Later that day, the group hosted a Waponaka Concert, a rich mix of parang, calypso and other cultural presentations at the Santa Rosa First Peoples Centre, Paul Mitchell Street, Arima.

Today, at 6 pm, the community is expected to host an orientation ceremony for visiting First Peoples delegates at the centre on Paul Mitchell Street. 

Tomorrow, the group is due to host an ancestral journey to Moruga, at which celebrants will perform sacred rites and various musical expressions.

Other events scheduled for the week include a symposium, titled, From Chrysalis to Butterfly: On Becoming Visible Towards Meaningful Recognition, at the University of Trinidad and Tobago’s O’Meara campus; a children’s rally and a ceremonial walk through Arima.

For Chief Ricardo Bharath-Hernandez, president of the Santa Rosa First Peoples, Arima–perhaps the largest and most vocal First Peoples community in the country–the holiday is not intended to encourage relaxation.

Rather, he said, apart from reflecting on the atrocities which were committed against the indigenous peoples, centuries ago, the holiday presented an opportunity to truly celebrate their contribution. 

It gives First Peoples descendants, numbering close to 1,500 in Arima, and others a chance to participate fully in the community’s events.

“Because, in ordinary times, without a holiday, people would usually say they can’t come because they have to work or their children can’t come because they have to go to school. So, my feeling and the community’s feeling was that with a national holiday, nobody cannot use that excuse not to participate.”

Outside of Arima, First Peoples descendants can be found in Lopinot, La Pastora, Maracas/St Joseph, Santa Cruz, Paria, Brasso Seco, Tabaquite, Moruga, Brazil, San Rafael and Talparo.

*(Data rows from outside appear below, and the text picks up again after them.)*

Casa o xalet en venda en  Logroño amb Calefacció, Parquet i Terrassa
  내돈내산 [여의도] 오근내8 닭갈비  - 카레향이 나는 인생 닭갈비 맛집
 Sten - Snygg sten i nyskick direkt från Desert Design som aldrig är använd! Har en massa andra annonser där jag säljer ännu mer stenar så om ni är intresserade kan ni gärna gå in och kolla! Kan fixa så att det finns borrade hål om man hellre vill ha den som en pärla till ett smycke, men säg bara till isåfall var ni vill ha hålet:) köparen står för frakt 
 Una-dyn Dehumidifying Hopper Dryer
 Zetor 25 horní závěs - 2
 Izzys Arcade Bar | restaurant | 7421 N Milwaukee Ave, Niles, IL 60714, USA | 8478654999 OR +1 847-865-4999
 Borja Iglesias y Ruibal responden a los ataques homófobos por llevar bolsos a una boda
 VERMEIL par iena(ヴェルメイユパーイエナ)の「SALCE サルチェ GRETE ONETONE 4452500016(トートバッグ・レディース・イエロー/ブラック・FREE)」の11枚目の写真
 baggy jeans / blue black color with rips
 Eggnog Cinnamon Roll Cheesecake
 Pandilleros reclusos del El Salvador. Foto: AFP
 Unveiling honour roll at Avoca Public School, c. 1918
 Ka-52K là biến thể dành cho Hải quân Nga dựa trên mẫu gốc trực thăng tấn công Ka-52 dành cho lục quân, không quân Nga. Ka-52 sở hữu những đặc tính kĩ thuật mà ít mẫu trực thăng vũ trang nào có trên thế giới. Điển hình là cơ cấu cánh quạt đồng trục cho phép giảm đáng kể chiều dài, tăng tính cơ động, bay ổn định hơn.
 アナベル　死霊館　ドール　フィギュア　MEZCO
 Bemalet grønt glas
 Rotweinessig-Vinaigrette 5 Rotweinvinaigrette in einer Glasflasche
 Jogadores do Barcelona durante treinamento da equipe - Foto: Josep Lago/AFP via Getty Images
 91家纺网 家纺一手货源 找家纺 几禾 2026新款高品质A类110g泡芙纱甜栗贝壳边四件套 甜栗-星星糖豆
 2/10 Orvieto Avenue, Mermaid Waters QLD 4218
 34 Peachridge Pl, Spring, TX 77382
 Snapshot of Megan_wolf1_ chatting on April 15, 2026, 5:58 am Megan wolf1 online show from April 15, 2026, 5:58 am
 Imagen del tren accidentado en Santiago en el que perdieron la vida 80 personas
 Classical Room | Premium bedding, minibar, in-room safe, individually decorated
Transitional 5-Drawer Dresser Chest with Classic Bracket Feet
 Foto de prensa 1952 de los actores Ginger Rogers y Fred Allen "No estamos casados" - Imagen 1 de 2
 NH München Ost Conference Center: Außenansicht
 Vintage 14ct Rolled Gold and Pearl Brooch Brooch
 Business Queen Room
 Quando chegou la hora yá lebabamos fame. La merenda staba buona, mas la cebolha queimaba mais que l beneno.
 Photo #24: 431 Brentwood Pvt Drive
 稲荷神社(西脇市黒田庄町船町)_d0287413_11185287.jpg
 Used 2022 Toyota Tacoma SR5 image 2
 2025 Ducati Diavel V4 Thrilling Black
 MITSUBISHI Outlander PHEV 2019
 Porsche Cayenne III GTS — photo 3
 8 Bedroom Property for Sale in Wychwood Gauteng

Bharath-Hernandez, who has said repeatedly they are not just another minority cultural group, insisted they had inherent rights with respect to land titles, which were supported by the United Nations Declaration of Rights of Indigenous Peoples. Some 144 countries, including TT, voted for the Declaration.

Bharath-Hernandez was cautiously optimistic that the group’s lobby for a heritage park–a permanent place to call their own–will become a reality.

Plans for the park began during the former People’s National Movement administration, under late prime minister Patrick Manning. A Cabinet decision was taken to give the First Peoples a five-acre plot of land along Blanchisseuse Road, Arima, which they found to be inadequate. The community later identified a hilly piece of land which had once been occupied by First Peoples centuries ago.

When the People’s Partnership came into office, in May 2010, it rescinded the PNM’s offer of a five-acre plot, and gave the community an additional 20-acres at the same site. The land has since been surveyed, following which an offer of lease was issued to the community from the Commissioner of State Lands on September 9, 2015. Alluding to the movement toward economic diversification in this year’s budget, Bharath-Hernandez said First Peoples in other parts of the region, namely Dominica, Guyana and Suriname, were already firmly entrenched in their islands’ tourism initiatives.

“We are still to reach that point but we see potential in our vision for a permanent space to call our own. We can contribute to the tourism sector".

Bharath-Hernandez said the parcel of land which the community has received for its park, is expected to provide employment in the areas of food processing and sales, handicraft, wildlife farming and eco-tourism.

The facility also will contain a museum, cultural/recreational space and living quarters for the Carib Queen and about a dozen families.